Certain directors and officers of the Company also serve as directors, officers and advisors of other companies involved in natural resource exploration and development. To the extent that such companies may participate in ventures with the Company, such directors and officers may have conflicts of interest in negotiating and concluding the terms of such ventures. Such other companies may also compete with the Company for the acquisition of mineral property rights. If any such conflict of interest arises, the Company's policy is that such director or officer will disclose the conflict to the board of directors and, if the conflict involves a director, such director will abstain from voting on the matter. In accordance with the Business Corporations Act (BC), the directors and officers of the Company are required to act honestly and in good faith with a view to the best interests of the Company.

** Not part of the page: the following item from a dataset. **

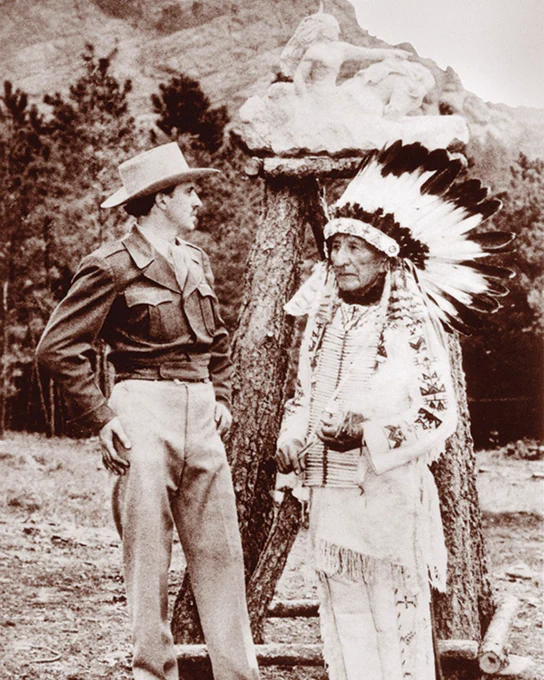 A person in a military uniform stands next to another wearing a feathered headdress and traditional attire. They are outdoors with trees in the background.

Dependence Upon Others and Key Personnel

The success of the Company's operations will depend upon numerous factors including its ability to attract and retain additional key personnel in exploration, marketing, joint venture operations and finance. This will require the use of outside suppliers as well as the talents and efforts of the Company and its consultants and employees. There can be no assurance that the Company will be successful in finding and retaining the necessary employees, personnel and/or consultants to be able to successfully carry out such activities. This is especially true as the competition for qualified geological, technical personnel and consultants can be particularly intense.

Government Regulation

The Company operates in an industry which is governed by numerous regulations, including but not limited to, environmental regulations as well as occupational health and safety regulations. Most of the Company's mineral properties are subject to government reporting regulations. The Company believes that it is in full compliance with all regulations and requirements related to mineral property interest claims. However, it is possible that regulations or tenure requirements could be changed by the respective governments resulting in additional costs or barriers to development of the properties. This would adversely affect the value of properties and the Company's ability to hold onto them without incurring significant additional costs. It is also possible that the Company could be in violation of, or non-compliant with, regulations it is not aware of.

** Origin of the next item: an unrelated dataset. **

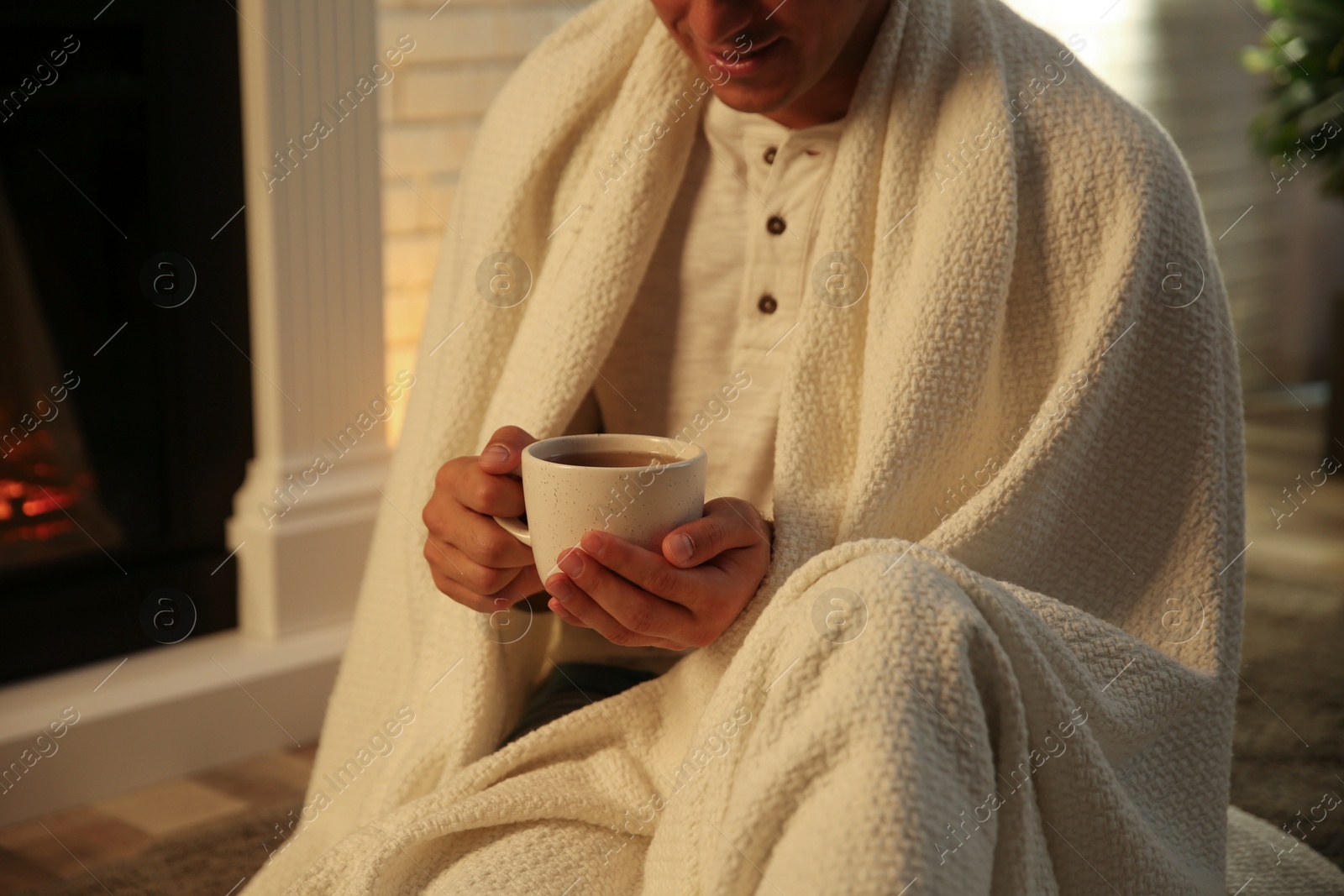 Photo of Man covered with white plaid enjoying cup of tea at fireplace, closeup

Internal Control Over Financial Reporting

Management is responsible for establishing and maintaining adequate internal control over financial reporting and disclosure controls and procedures. Due to its inherent limitations, internal control over financial reporting and disclosure may not prevent or detect all misstatements. Further, the effectiveness of internal control is subject to the risk that controls may become inadequate because of changes in conditions, or that the degree of compliance with policies and procedures may change. There were no changes in our internal controls over financial reporting during the year period ended July 31, 2024, that have materially affected, or are likely to materially affect, our internal controls over financial reporting.

Under the supervision and with the participation of management, including the Chief Executive Officer and Chief Financial Officer, management will continue to monitor and evaluate the design and effectiveness of its internal control over financial reporting and disclosure controls and procedures, and may make modifications from time to time as considered necessary.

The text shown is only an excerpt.